But inside the building, things are not at all relaxed: it is a hive of activity, with men and women bounding purposefully up and down the stairs and in and out of the building. "That door never stops," said the cheerful republican on security duty.
There used to be a great deal of overlap between Sinn Fein and the IRA, but now the "armed struggle" is no more. Once a centre of subversion, the office is now strictly confined to the business of politics.
This is one of the offices used by Martin McGuinness, once regarded by Downing Street as a republican with "first-hand operational experience". Now he is a senior political figure.
As Deputy First Minister, he also has another office in the baronial splendour of Stormont Castle, once occupied by the British ministers who used to run Northern Ireland.
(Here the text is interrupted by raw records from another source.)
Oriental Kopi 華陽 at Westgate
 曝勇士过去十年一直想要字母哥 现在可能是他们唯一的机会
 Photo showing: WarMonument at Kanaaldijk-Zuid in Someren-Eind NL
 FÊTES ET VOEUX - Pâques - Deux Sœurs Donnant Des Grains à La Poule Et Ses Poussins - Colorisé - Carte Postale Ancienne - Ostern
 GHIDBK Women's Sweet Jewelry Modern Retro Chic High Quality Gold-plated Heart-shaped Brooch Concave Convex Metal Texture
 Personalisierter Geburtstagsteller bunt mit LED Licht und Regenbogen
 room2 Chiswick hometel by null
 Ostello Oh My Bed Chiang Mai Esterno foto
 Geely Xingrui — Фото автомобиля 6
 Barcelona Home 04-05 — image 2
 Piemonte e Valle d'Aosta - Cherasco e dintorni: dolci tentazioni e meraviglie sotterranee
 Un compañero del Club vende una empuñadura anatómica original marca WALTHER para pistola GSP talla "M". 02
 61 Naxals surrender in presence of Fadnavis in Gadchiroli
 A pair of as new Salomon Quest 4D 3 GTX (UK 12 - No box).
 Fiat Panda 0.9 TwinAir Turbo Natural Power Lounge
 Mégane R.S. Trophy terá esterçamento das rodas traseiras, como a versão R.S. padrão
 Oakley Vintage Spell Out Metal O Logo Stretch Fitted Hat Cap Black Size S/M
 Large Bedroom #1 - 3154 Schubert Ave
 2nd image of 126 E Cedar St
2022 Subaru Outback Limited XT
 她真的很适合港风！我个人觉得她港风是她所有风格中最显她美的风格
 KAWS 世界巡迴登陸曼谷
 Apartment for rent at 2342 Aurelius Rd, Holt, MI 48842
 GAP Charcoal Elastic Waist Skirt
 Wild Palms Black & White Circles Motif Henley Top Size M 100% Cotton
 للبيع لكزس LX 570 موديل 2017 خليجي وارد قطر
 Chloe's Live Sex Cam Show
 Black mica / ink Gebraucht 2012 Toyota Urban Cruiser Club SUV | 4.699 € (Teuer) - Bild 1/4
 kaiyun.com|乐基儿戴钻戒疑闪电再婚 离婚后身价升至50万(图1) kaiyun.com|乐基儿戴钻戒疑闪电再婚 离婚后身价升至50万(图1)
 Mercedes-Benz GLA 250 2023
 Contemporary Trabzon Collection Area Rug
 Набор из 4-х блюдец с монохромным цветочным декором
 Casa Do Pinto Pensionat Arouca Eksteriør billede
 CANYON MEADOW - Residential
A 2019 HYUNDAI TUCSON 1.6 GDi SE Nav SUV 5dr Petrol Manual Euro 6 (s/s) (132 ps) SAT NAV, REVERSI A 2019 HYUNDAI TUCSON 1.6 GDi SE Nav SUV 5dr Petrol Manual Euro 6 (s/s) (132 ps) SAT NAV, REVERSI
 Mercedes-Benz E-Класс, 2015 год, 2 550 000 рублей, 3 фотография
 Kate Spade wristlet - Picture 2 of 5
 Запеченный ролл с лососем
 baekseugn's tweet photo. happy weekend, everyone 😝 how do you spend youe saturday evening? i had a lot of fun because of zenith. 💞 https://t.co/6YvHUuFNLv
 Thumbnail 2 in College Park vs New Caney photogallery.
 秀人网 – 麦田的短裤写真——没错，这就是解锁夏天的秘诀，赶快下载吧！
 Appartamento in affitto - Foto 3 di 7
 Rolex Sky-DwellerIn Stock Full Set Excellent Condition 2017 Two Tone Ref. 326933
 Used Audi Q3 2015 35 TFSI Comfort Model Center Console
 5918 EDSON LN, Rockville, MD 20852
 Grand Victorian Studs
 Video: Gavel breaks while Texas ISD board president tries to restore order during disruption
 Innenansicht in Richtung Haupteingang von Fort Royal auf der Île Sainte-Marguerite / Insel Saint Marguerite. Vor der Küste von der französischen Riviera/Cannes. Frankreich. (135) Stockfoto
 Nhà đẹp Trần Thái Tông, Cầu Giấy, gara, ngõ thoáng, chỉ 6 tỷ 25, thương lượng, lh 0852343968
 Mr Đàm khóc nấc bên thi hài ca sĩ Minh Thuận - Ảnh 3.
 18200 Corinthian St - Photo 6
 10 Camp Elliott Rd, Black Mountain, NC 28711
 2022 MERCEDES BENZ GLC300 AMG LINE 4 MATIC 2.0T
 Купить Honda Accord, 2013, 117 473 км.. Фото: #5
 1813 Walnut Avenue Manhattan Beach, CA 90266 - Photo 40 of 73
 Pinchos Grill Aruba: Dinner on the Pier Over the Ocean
Today Westminster shares power with Belfast's devolved government, which last year came into being amid widespread amazement and a general welcome for what was seen as an epic breakthrough.
McGuinness, a one-time icon of militancy but now a symbol of his movement's politicisation, readily acknowledged the difficulties within the administration that was headed jointly by Sinn Fein and the Democratic Unionist Party.
Not too many years ago, talk of difficulties often brought warnings of a possible surge in violence. Today, this element is gone. There will certainly be crises ahead, but they will be political, and not matters of life and death.
Time was when many viewed McGuinness as one of those who kept the Troubles going, blaming him for prolonging the conflict. Many felt exactly the same about his loyalist counterpart, the Reverend Ian Paisley.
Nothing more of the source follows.